É com isto que o fim do mundo se parece”, diz Yusup Kamalov, varrendo num gesto a paisagem coberta de arbustos que se espraia diante dos nossos olhos. “Se alguma vez acontecer o Armagedão, o povo do Karakalpakstão será o único a prevalecer, porque já está a vivê-lo.”

Do alto de uma falésia arenosa nesta região do Norte do Usbequistão, com um nome tão provável que poderia provir de uma banda desenhada de Hergé, o panorama poderia ser o de quase qualquer deserto, excepto pelos montes de conchas marinhas e barcos de pesca em seco, encalhados, enferrujando sobre a areia. Este lugar foi, antigamente, a ponta de uma península que entrava pelo mar de Aral. Até à década de 1960, era a quarta maior superfície de água do mundo, abrangendo cerca de 67 mil quilómetros quadrados. Atrás de nós, situa-se a vila de Muynoq, uma antiga aldeia piscatória próspera com uma grande indústria conserveira que, na década de 1980, enlatava milhares de toneladas de peixe por ano. Há 50 anos, a costa meridional do mar de Aral localizava-se exactamente onde hoje pomos os pés: agora, fica 90 quilómetros para noroeste.

O mar de Aral está implantado entre o Cazaquistão e o Usbequistão e, durante milhares de anos, foi alimentado por dois rios – o Amu Darya e o Syr Darya. Sem escoamento, o nível das águas do mar era mantido graças a um equilíbrio natural entre o afluxo de água e a sua evaporação.

Yusup trouxe-me aqui para eu ver o que restava de um mar outrora rico. Este investigador especialista em energia eólica da Academia das Ciências do Usbequistão é, aos 64 anos, um ambientalista militante. Preside à União para a Defesa do Mar de Aral e do Amu Darya e descende de uma influente família usbeque: o seu pai foi um historiador famoso na era soviética e o avô foi o último khan (chefe) eleito da república semiautónoma do Karakalpakstão, antes de esta ser integrada na República Soviética Socialista do Usbequistão durante a década de 1930.

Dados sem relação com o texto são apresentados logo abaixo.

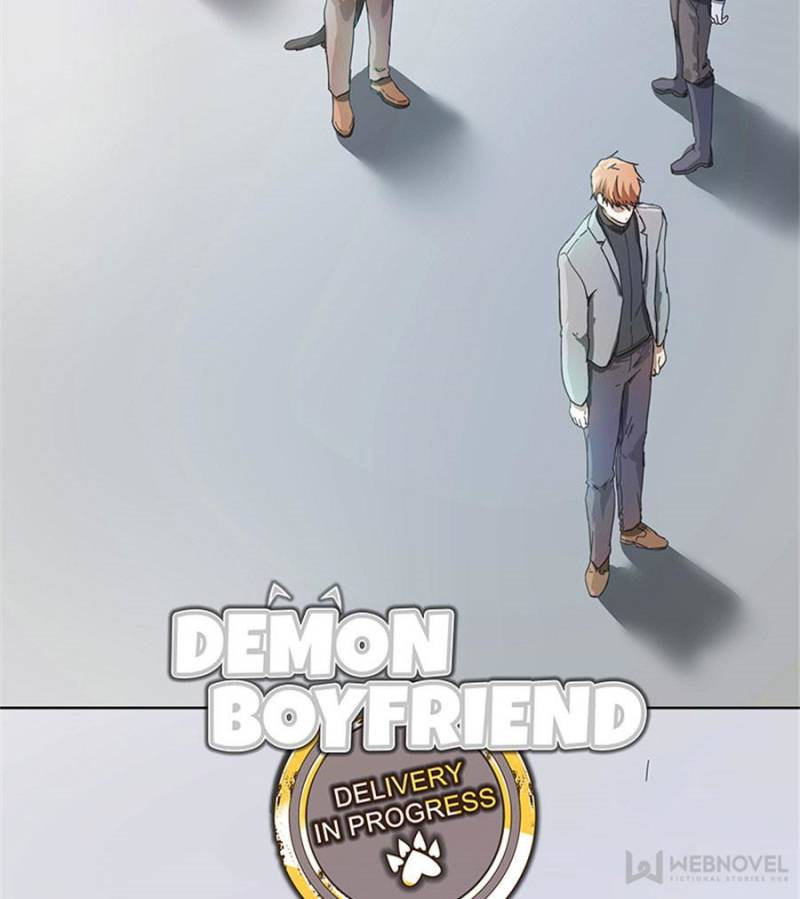 Demon Boyfriend: Delivery in Progress - chapter 91 - #2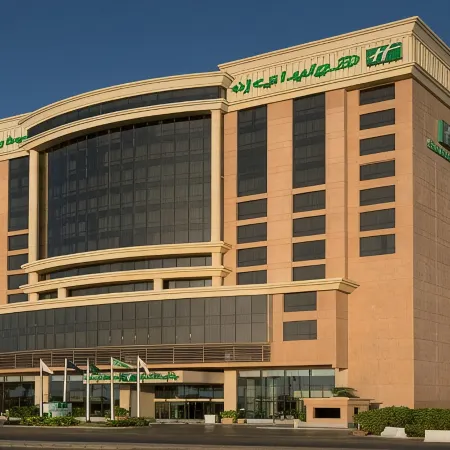 Holiday Inn Jeddah Gateway by IHG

O seu país ainda não possui um único parque eólico, mas isso não fez esmorecer o entusiasmo de Yusup pela sua área profissional de eleição. A obsessão pelo vento levou-o a construir duas asas-delta, com as quais costuma voar para melhor compreender as correntes atmosféricas.

“Quero conhecer o vento tão bem como uma ave”, afirma. Mas os seus interesses abrangem todas as componentes do ambiente: por isso, Yusup pôs de lado a sua investigação para me mostrar o que resta hoje de uma antiga massa de água cheia de vida e sobretudo o rasto que as águas em retrocesso deixaram para trás.

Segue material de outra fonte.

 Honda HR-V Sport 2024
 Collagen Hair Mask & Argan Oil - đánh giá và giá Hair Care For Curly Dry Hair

O mar de Aral está implantado entre o Cazaquistão e o Usbequistão e, durante milhares de anos, foi alimentado por dois rios – o Amu Darya e o Syr Darya. Sem escoamento, o nível das águas do mar era mantido graças a um equilíbrio natural entre o afluxo de água e a sua evaporação.

Durante séculos, o mar de Aral e os seus deltas asseguraram o sustento de uma miríade de povoados distribuídos ao longo da Rota da Seda, que unia a China à Europa. Estas antigas populações de tajiques, usbeques e cazaques e outros grupos étnicos prosperaram como agricultores, pescadores, pastores, mercadores e artesãos.

A situação alterou-se quando a República Soviética Socialista dos Usbeques passou a fazer parte do então frágil império soviético, na década de 1920, e Estaline decidiu transformar estas repúblicas da Ásia Central em gigantescas plantações de algodão. O clima árido desta zona do planeta está mal talhado para acolher uma cultura tão sedenta de água e os soviéticos desenvolveram um dos mais ambiciosos projectos de engenharia da história mundial, escavando à mão milhares de quilómetros de canais de irrigação para transvasar as águas do Amu Darya e do Syr Darya para o deserto circundante.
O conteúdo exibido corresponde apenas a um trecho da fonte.